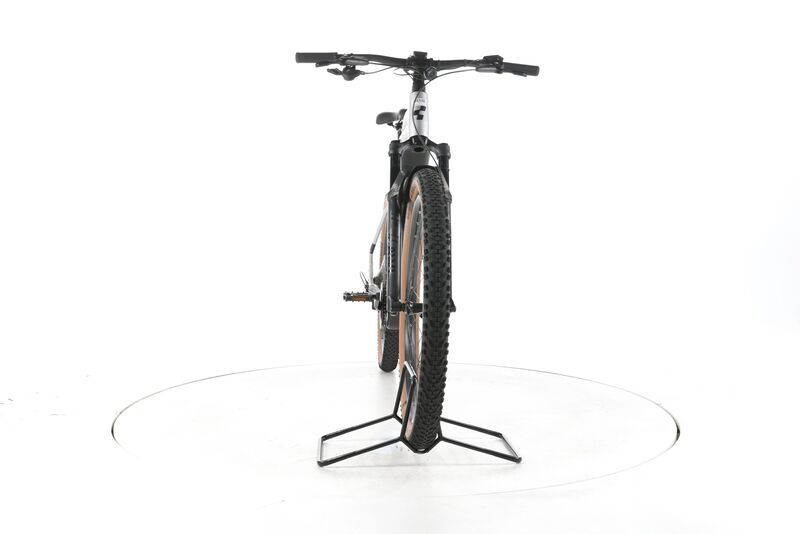 Cube Reaction Hybrid SLX 2023 | prateado | 29" | XXL | 500 - 3000 km, image 4 of 5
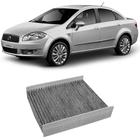 Filtro Cabine Ar Condicionado Fiat Linea Punto Mahle LAK612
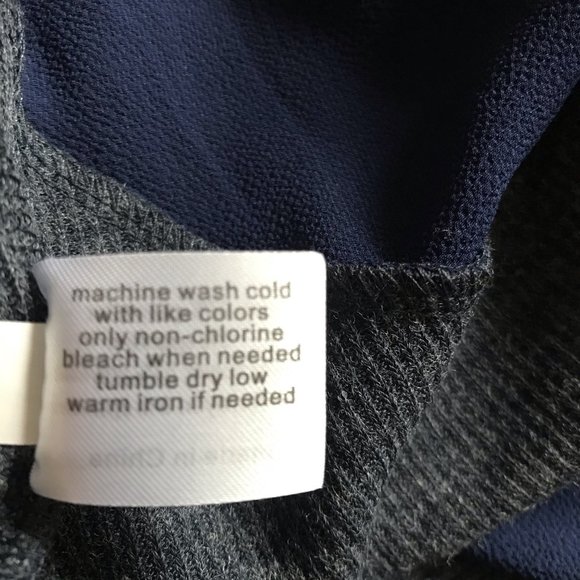 NEW Lane Bryant Mixed-Fabric Ribbed Tee 18/20 - Picture 10 of 10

══════

→ **Work instructions**: Retype the listing verbatim, minus every image.

→ **Exercise result**:
 Cube Reaction Hybrid SLX 2023 | prateado | 29" | XXL | 500 - 3000 km, image 4 of 5
 Filtro Cabine Ar Condicionado Fiat Linea Punto Mahle LAK612
 NEW Lane Bryant Mixed-Fabric Ribbed Tee 18/20 - Picture 10 of 10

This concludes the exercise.